Ce disque est signé du contrebassiste William Parker, qui n’intervient que comme compositeur des dix-neuf pièces proposées, interprétées en duo (à l’exception de l’une d’entre elles à laquelle se joint un violoncelle) par la chanteuse Lisa Sokolov et le pianiste Cooper-Moore. Une brève présentation des musiciens s’impose. Parker est un contrebassiste aujourd’hui sexagénaire, issu de la scène du free jazz (partenaire d’une multitude de musiciens parmi lesquels Bill Dixon, Charles Gayle, Roscoe Mitchell, Cecil Taylor, Peter Brötzmann, David S. Ware, Matthew Shipp, Jemeel Moondoc, Billy Bang, et membre du quartet Die Like A Dog (avec Brötzmann, Toshinori Kondo à la trompette et Hamid Drake à la batterie) ainsi que du Pyramid Trio (avec Drake et le trompettiste Roy Campbell Jr.) ; il enregistre sous son nom depuis le début des années 1980. Le pianiste Cooper-Moore est un musicien important de la scène new-yorkaise qui a collaboré entre autres avec William Parker et David S. Ware, et enregistré une douzaine de fois en leader. Lisa Sokolov est une chanteuse et enseignante new-yorkaise, rare, qui n’a enregistré que quatre disques sous son nom mais a travaillé, pour en rester au jazz, avec nombre de musiciens : Cecil Taylor, Jimmy Lyons, Hilton Ruiz, Butch Morris, Irène Schweizer, Gerry Hemingway (le beau Songs, en 2002) et, déjà, William Parker (Song Cycle, 1996).

Stan’s Hat Flapping in the Wind est un disque prolongeant l’art de la déploration, cette forme de témoignage musical dont le XVIe siècle vit le couronnement, qui nourrit aussi le jazz, et dont on connaît les grandes heures avec des compositions célèbres : Charles Mingus et « Goodbye Pork Pie Hat » pour Lester Young, Benny Golson et « I Remember Clifford » pour Clifford Brown, John Coltrane et « Alabama » à l’occasion du meurtre de quatre jeunes filles noires par le Ku Klux Klan, ou Jay Jay Johnson et son intemporel « Lament », parmi des centaines d’autres… Le programme entier du disque signé Parker évoque la mort et vise ainsi le jazz au travers d’Ornette Coleman, David S. Ware, Butch Morris et Jeanne Lee, la chanteuse de gospel Mahalia Jackson, les poètes Miguel Piñero et June Jordan, ajoutant à la mémoire de disparus identifiés quelque « Prayer » ou « Invocation »

Sokolov aborde chaque composition comme miniature autonome : manières de faire traîner la voix dans une approche qui déclame, comme pouvait le faire Abbey Lincoln, mais aussi quelques évanescences rappelant Helen Merrill (« The End of the World »), susurrements sur arpèges simples (« Autumn Song »), diction parfaite parfois presque en récitatifs, approches extrêmement lyriques avec le piano de Cooper-Moore où résonne un art de l’accompagnement quasi-classique dans les différentes facettes de celui-ci, de moments très intimes jusqu’à une présence enveloppante et un acheminement vers l’angoisse dans une sorte de prêche aux accents de gospel apocryphe (« The Death of Death »).

Mais on note surtout cette manière espiègle de pousser une écriture qui renvoie à Broadway (le magnifique « All Love ») vers le plus libertaire (« Eternal (for Ornette Coleman) »).

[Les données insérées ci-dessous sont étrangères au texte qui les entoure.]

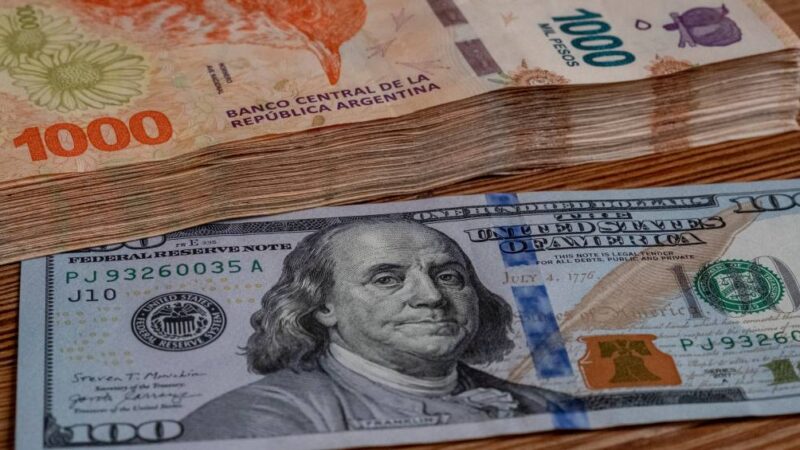 Argentina anuncia novas regras que dificultam operações de retirada de dólares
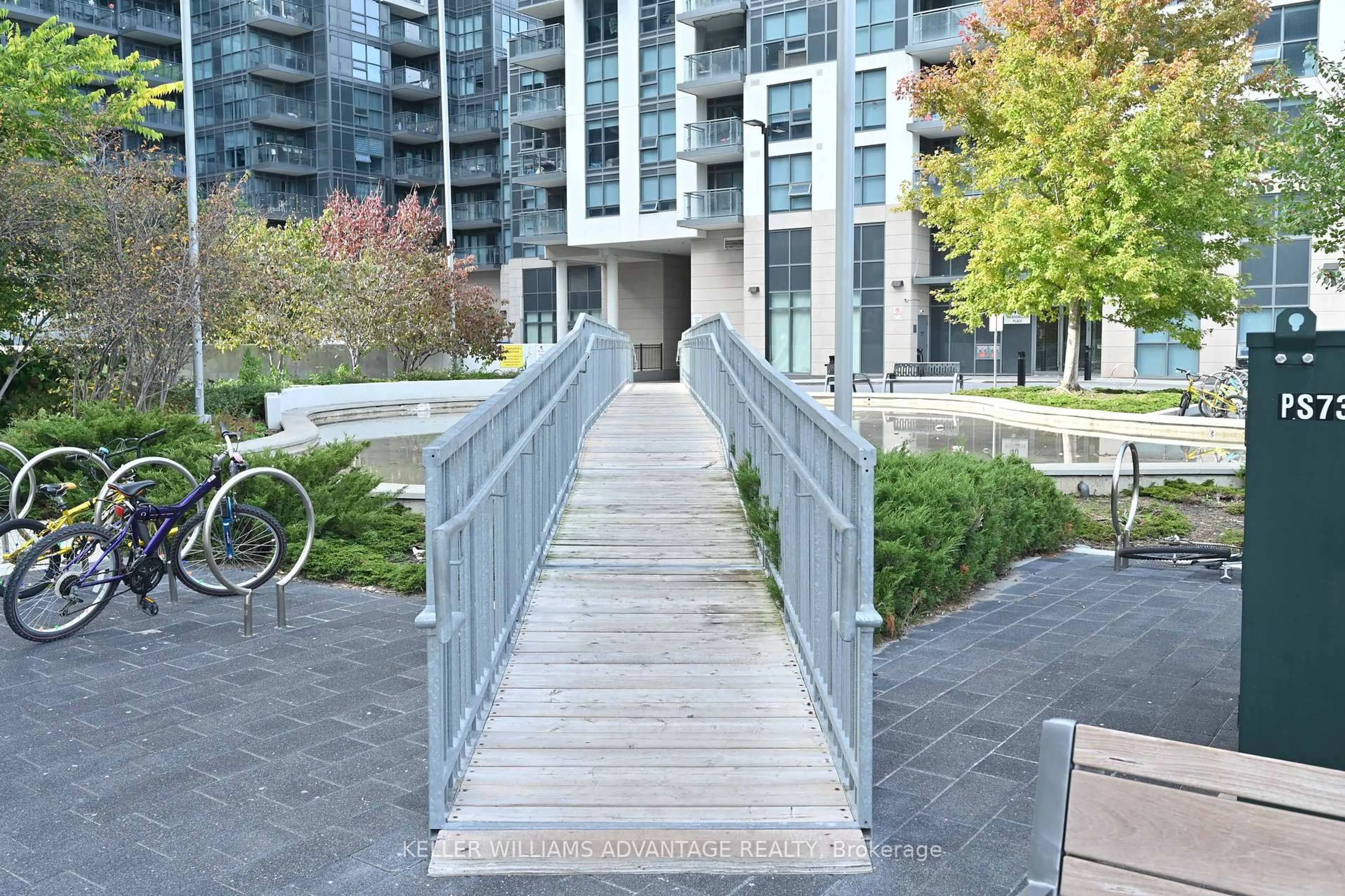 Patio, street for 20 Meadowglen Pl #728, Toronto Ontario M1G 0A9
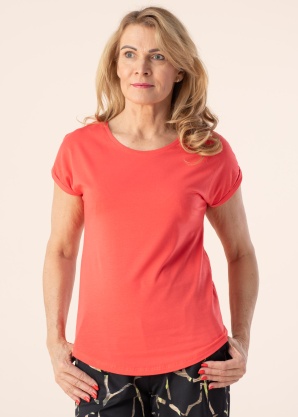 Футболка Pamila b.young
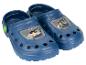 Blaue Kinderclogs mit Videospielmotiven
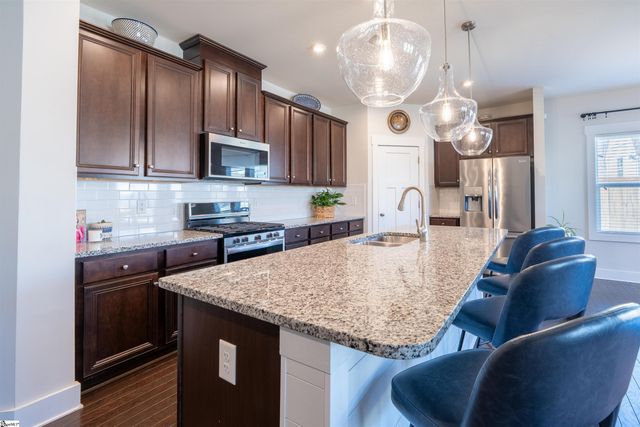 39 Larson Drive, Simpsonville, SC 29681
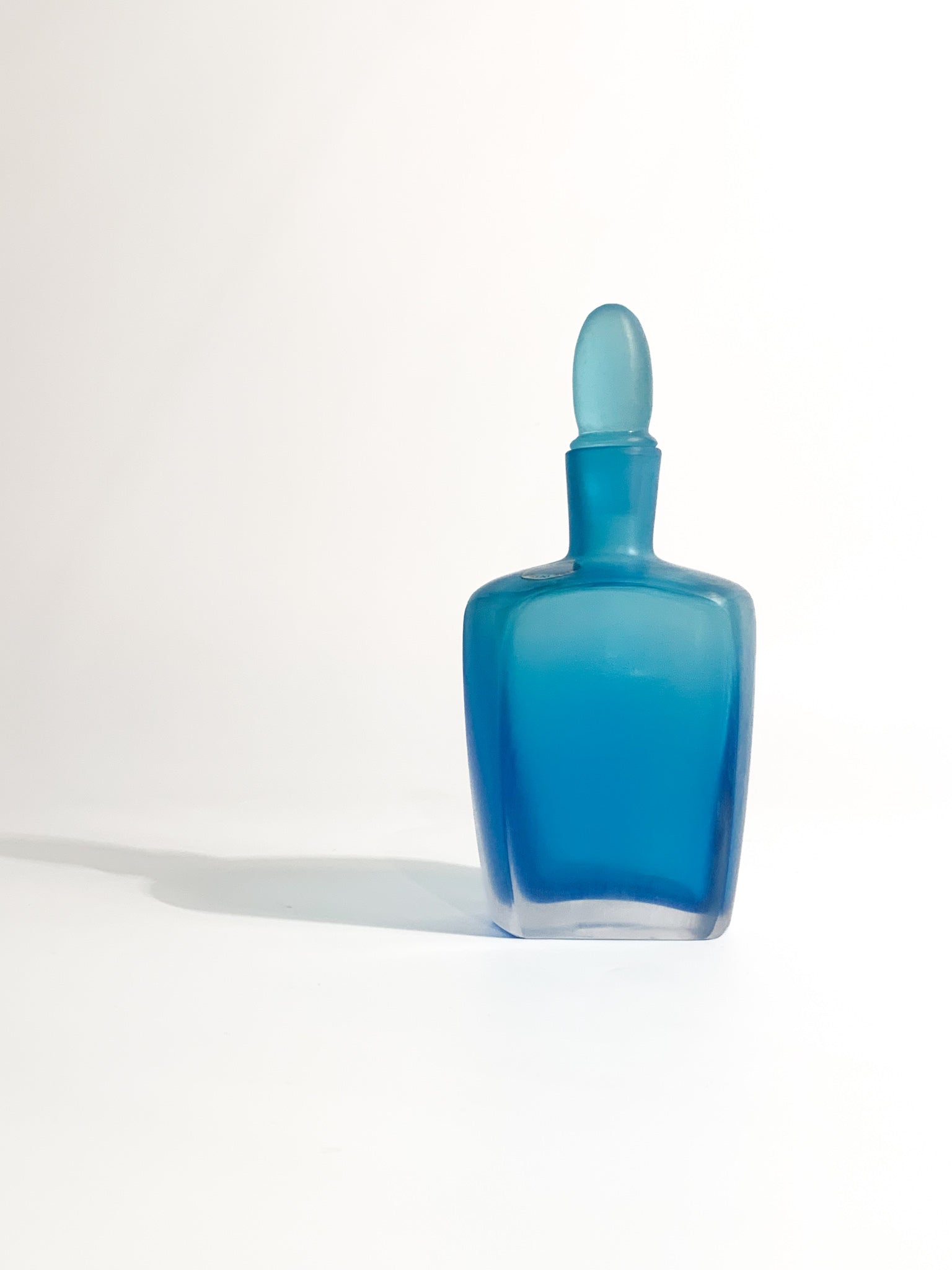 Bottiglia di Venini in Vetro di Murano Azzurro Serie 'Velato' del 1995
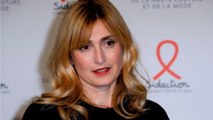 VOICI - Julie Gayet : ses confessions sur ce handicap qui la touche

C’est que, justement, la mort y est représentée dans le creuset d’une comédie musicale à l’écriture de laquelle Parker travaille depuis une vingtaine d’années, et dont il propose ici quelques extraits ; et cela transparaît même si l’on ne connaît pas l’origine de ce répertoire. Ce faisant, de manière très originale, les trois musiciens, dans une démarche qui n’est pas (que) doloriste, raillent volontiers la « mort alentour » (Heidegger) avec une belle dose de cynisme.